WASHINGTON (Legal Newsline) - A former state attorney general says search engine giant Google is "thumbing its nose" at law enforcement officials by refusing to release certain documents in an ongoing probe over the company's possible antitrust violations.
Patrick Lynch, former Rhode Island Attorney General and former president of the National Association of Attorneys General, came out in support of Texas Attorney General Greg Abbott's request last week for a court order to force Google to hand over the documents.
The company is refusing to turn over more than 14,000 documents -- including emails and other records -- covered in formal demands by Abbott's office in July 2010 and May 2011.
"Google has once again thumbed its nose at the attorneys general and law enforcement agencies around the world who are seeking information to shed light on serious and credible allegations that Google is illegally abusing its monopoly power in ways that deprive consumers of choice, harm innovators, and raises the cost for all organizations who use the Internet to reach new customers," Lynch said in a statement last week.

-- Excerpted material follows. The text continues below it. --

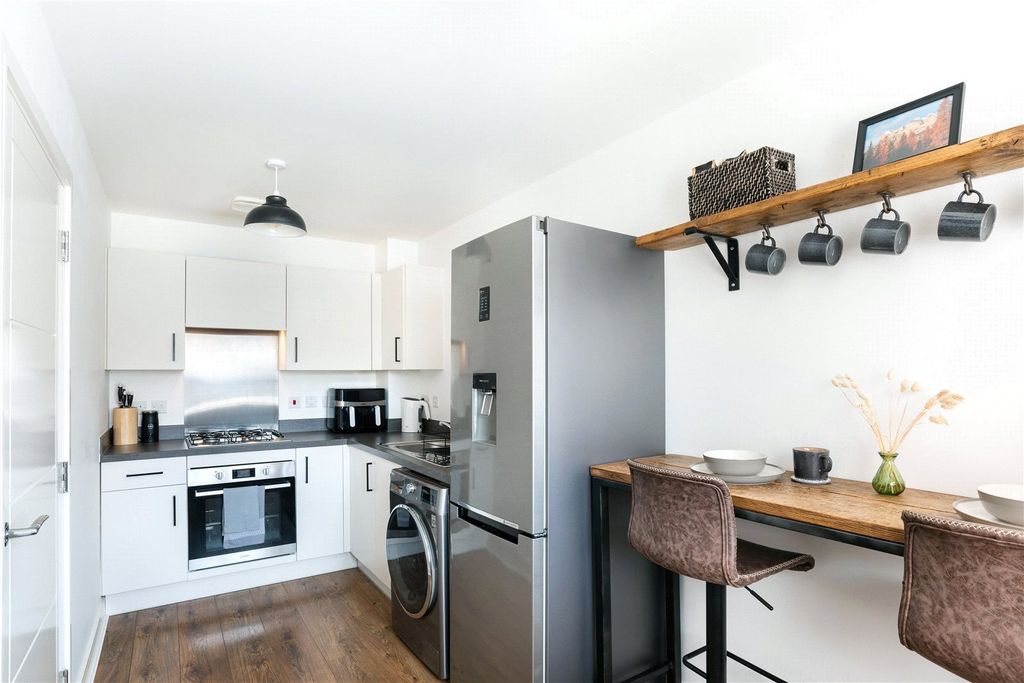 Property photo 3 of 19 Picture No. 18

"Texas and other governments investigating Google are now experiencing what millions of businesses and other organizations face every day with Google: an unaccountable black box that believes it is above the law."
Lynch, who currently serves as an advisor to a coalition of businesses and organizations called FairSearch.org, said if the company has nothing to hide then its co-founder and CEO, Larry Page, will comply with the formal requests for information.
"Those policies are now under review by attorneys general in Texas and five other states, the U.S. Federal Trade Commission and European Commission, and other jurisdictions internationally," Lynch explained.
"Unfortunately, Google's inaction in Texas mirrors its delay and obstruction of the FCC's investigation of the Google Street View mapping project, its non-compliance with a civil subpoena from U.S. Sen. (Richard) Blumenthal when he was the Connecticut AG, the Korean competition authorities who sought information from the company, and many other governments and law enforcement agencies."
Lynch, who in October authored a letter introducing a FairSearch.org paper asking all 50 state attorneys general to investigate Google, said "trust us" simply won't do.
"It's past time for Google to cooperate with investigations around the world," he said.
"If the company is not willing to play ball, attorneys general and others will have to force Google to change its practices."
Texas is among a handful of states -- including California, Ohio and New York -- doing full-scale investigations into the Mountain View, Calif.-based company.
In September 2010, Abbott announced his office was officially looking into Google's methods for recommending websites.
The investigation was spurred by complaints that Google has abused its power as the Internet's most dominant search engine.
Such allegations were levied against the company by UK-based Foundem, New York-based SourceTool and TradeComet, and Ohio-based myTriggers.
Months later, Abbott requested information from Google about its advertising rate formula and search result rankings. Investigators with Abbott's office were looking for documents that showed "manual overriding or altering of" search result rankings.
The Attorney General's Office also wanted documents on rivals Bing and Yahoo! and any complaints about buying an ad on the search engine.